Drama or dramatic literature. A literary genre. In the wide sense drama is the depiction of certain actions through monologues or through dialogues between dramatic personae. In the narrower sense drama is merely a genre of dramatic literature among other genres such as tragedy, comedy, melodrama, pantomime, and farce.

Contemporary Ukrainian drama, like Western European drama (except medieval mystery plays), is of Greek origin. In Old Ukrainian literature only certain elements of the dramatic style can be found: dialogues in the sermons of Cyril of Turiv, such as the dispute between the soul and the flesh in his tale ‘The Blindman and the Cripple.’ The history of Ukrainian dramatic literature begins with school drama at the end of the 16th century. Several dozen texts from the 17th–18th century, exemplifying various types of drama—dialogues, morality plays, mystery plays, and ordinary theatrical plays on the lives of saints—have survived. The beginnings of comedy can be traced to the intermede or interlude of this period. Among the noted playwrights of the time were Ioanykii Volkovych, Dymytrii Tuptalo, Mytrofan Dovhalevsky, Teofan Prokopovych, Varlaam Lashchevsky, and Heorhii Konysky. This Ukrainian drama had a great influence on the development of Russian and South Slavic dramatic literature.

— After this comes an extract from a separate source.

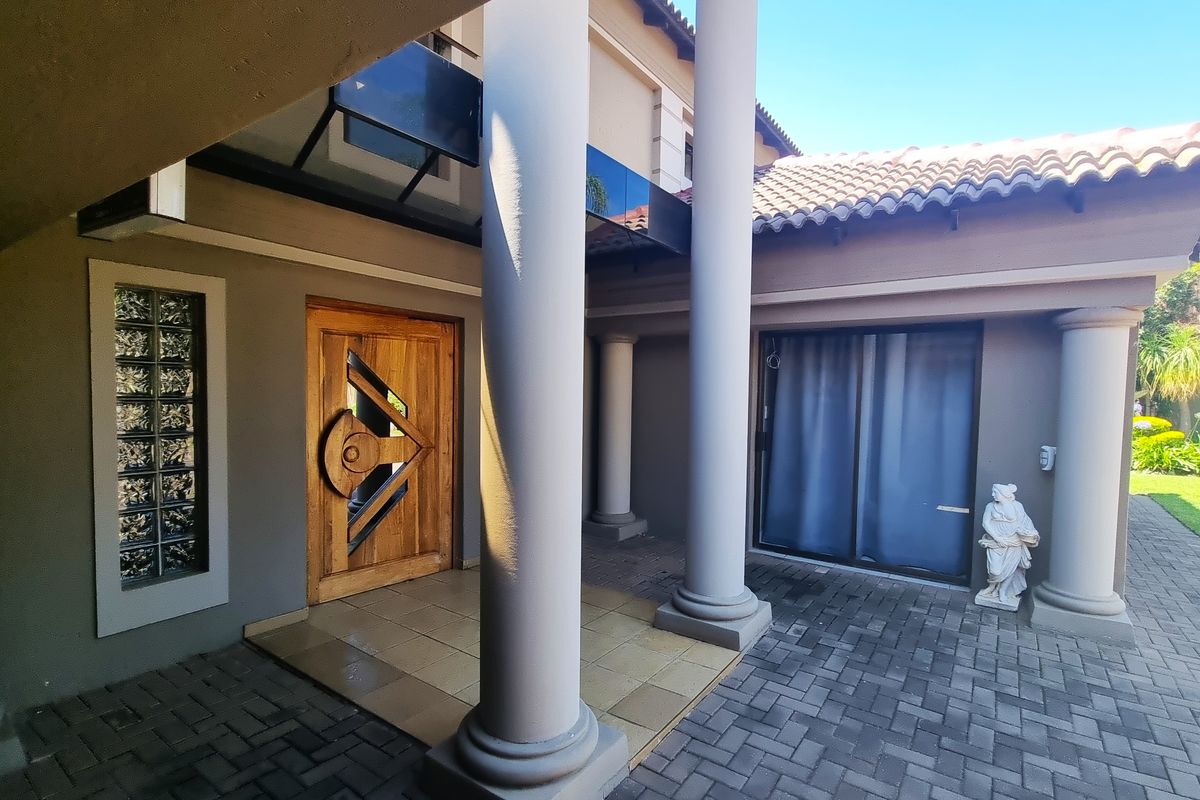 Beautiful Upmarket Property in sought after area near Hartbeespoortdam! - Photo 3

Modern Ukrainian literature of the 19th century produced classicist drama of a sentimental type. Its first representative was Ivan Kotliarevsky, whose plays Natalka Poltavka (Natalka from Poltava) and Moskal’-charivnyk (The Soldier-Sorcerer) display the typical features of classicist poetics on the one hand and, in keeping with the spirit of national rebirth of the period, an interest in the common people on the other. The latter element accounts for Natalka Poltavka's popularity to the present day and its influence on the development of dramatic literature in the 19th century. Vasyl Hohol-Yanovsky's Prostak (The Boor) and Sobaka ta vivtsia (The Dog and the Sheep) and Hryhorii Kvitka-Osnovianenko's Svatannia na Honcharivtsi (Betrothal in Honcharivka) and Shel’menko-denshchyk (Shelmenko the Orderly) are other examples of classicist drama.

The romantic period is represented by Mykola Kostomarov's plays Sava Chalyi and Pereiaslavs’ka nich (Pereiaslav Night). They were greatly influenced by William Shakespeare and partly by Johann Christoph Friedrich von Schiller. Lacking theatrical quality, these plays left no mark on the further development of Ukrainian drama. A more popular play of this period, owing to its rich ethnographic content, was Taras Shevchenko's Nazar Stodolia.

Ukrainian drama attained a particularly high level of development in the second half of the 19th century, in the period of realism. Mykhailo Starytsky's populist-realist plays, which tended to be melodramatic, combined romanticism with common-life realism. He wrote Ne tak stalosia, iak zhadalosia (It Did Not Happen as Was Desired); plays on borrowed themes: Tsyhanka Aza (Aza, the Gypsy Girl) and Oi, ne khody, Hrytsiu (Don't Go to Parties, Hryts); historical plays: Ostannia nich (The Last Night), Marusia Bohuslavka, Bohdan Khmel’nyts’kyi, Oborona Bushi (The Defense of Busha); and reworkings of plays by other authors: Chornomortsi (The Black Sea Cossacks), Za dvoma zaitsiamy (Chasing Two Hares), Kruty, ta ne perekruchui (Twist, but Don't Lie). Another playwright who combined elements of romanticism and melodrama with ethnographic realism was Marko Kropyvnytsky. Among his many plays the most popular were Dai sertsiu voliu—zavede v nevoliu (Give the Heart Free Reign and It Will Lead You into Slavery), Doky sontse ziide—rosa ochi vyist’ (Before the Sun Rises the Dew Will Consume the Eyes), and Hlytai, abozh pavuk (The Profiteer, or the Spider). The greatest Ukrainian dramatist of the 19th century, Ivan Karpenko-Kary, began as an author of romantic plays—Bondarivna (The Cooper's Daughter), Palyvoda 18 st. (A Madcap of the 18th Century), Chumaky (The Chumaks), and Sava Chalyi—and turned gradually to realist-populist plays—Burlaka (The Homeless Wanderer), Ponad Dniprom (Along the Dnieper), Naimychka (The Servant Maid), and Beztalanna (The Hapless Girl). His work culminated in the realistic, socially critical, and profoundly psychological plays of his later period: Martyn Borulia, Sto tysiach (A Hundred Thousand), Suieta (Vanity), and particularly Khaziain (The Farmer), which marks the peak of realism as well as the transition to modern drama. The dramas of Ivan Franko and Panas Myrny belong basically to realism.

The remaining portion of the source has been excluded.